Developing economies growing fast: World Bank
The Guardian
London, April 7:
Developing countries grew at their sharpest rate for three decades last year, faster than wealthy nations, the World Bank said. It warned, however, that wealthy nations were not increasing aid fast enough to stamp out poverty. Even sub-Saharan Africa, which includes some of the world’s poorest nations, became wealthier last year, helped by soaring commodity prices - the region is rich in oil and metals.
Tony Blair said when he released his Commission for Africa report last month that poverty on the continent was the “greatest tragedy of our time’’. But he added the increasing number of democratic countries and the decrease in conflicts meant this was a good time to stimulate growth. The Bank noted in its report yesterday that such factors helped to increase the gross domestic product of the sub-Saharan region last year by 3.8 per cent, compared with 2003.
China was the fastest growing nation last year with its economy increasing by 9.5 per cent. India and Russia also performed well, expanding by 7 per cent. Overall, the Bank expects global growth to ease from 3.8 per cent to 3.1 per cent this year. However, developing nations will continue to outpace wealthy countries.
“The Bank welcomes the strong growth of developing nations. We see this as a reflection of the policies that have been put in place over the last 20 years,’’ said Andrew Burns, a senior World Bank economist. George Bush this month announced the appointment of one of his favoured neo-conservative advisers, Paul Wolfowitz, as the new head of the World Bank, replacing James Wolfensohn.
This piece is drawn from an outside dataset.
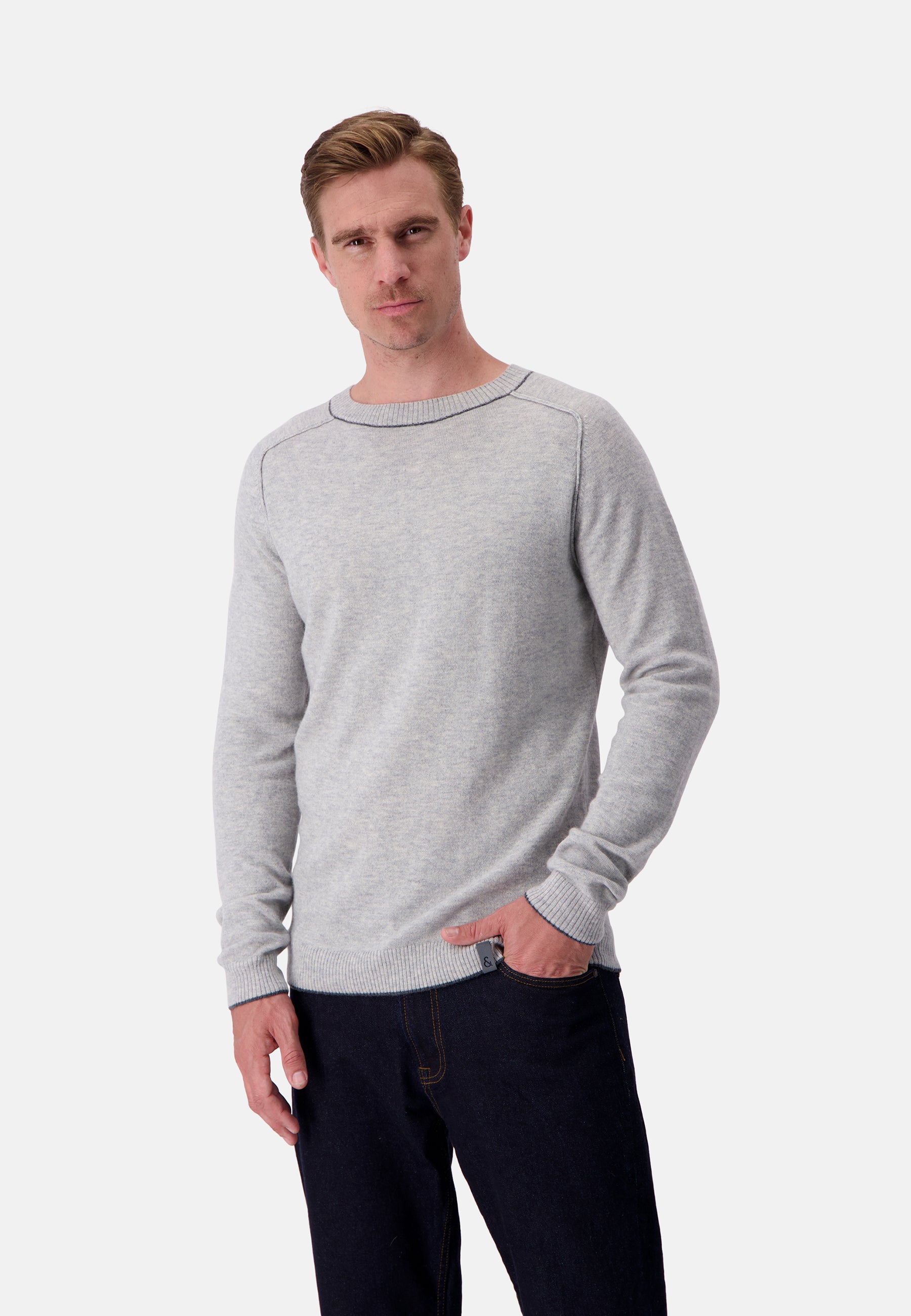 Roundneck-Merino Blend in Silver Pullover Colours and Sons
The appointment caused anger among the development community but Wolfowitz has attempted to win over his critics by striking a conciliatory tone and underlining the World Bank’s multilateralist role. Yesterday the Bank criticised the shortfall in aid to developing nations.
In real terms, aid grew by just 5 per cent in 2003. The international community has promised to achieve the Millennium Development Goals to cut extreme poverty in half by 2015.
Jeffrey Lewis, the manager of international finance at the Bank, said, “Reaching the Millennium Development Goals is going to require a lot more resources from the wealthy nations.’’ The United Nations has said wealthy countries should spend 0.7 per cent of GDP on aid; only five nations at present spend this much, with the United States contributing only 0.14 per cent of its GDP to aid.
“The shortfall on aid is particularly noteworthy and unfortunate,’’ said Lewis. “Developing nations have matched their promises of undertaking reforms but the wealthy nations have failed to match their side of the bargain.’’ The report called for action on four fronts if the goals are to be achieved. “Donors must fulfil commitments to substantially increase aid and other resources,’’ said the report.
It also urged donors to pursue efforts to make aid flows more reliable and aid spending more effective. The development community should also support policies to allow poor countries better access to rich countries’ markets, which are often protected by high tariffs, said the report.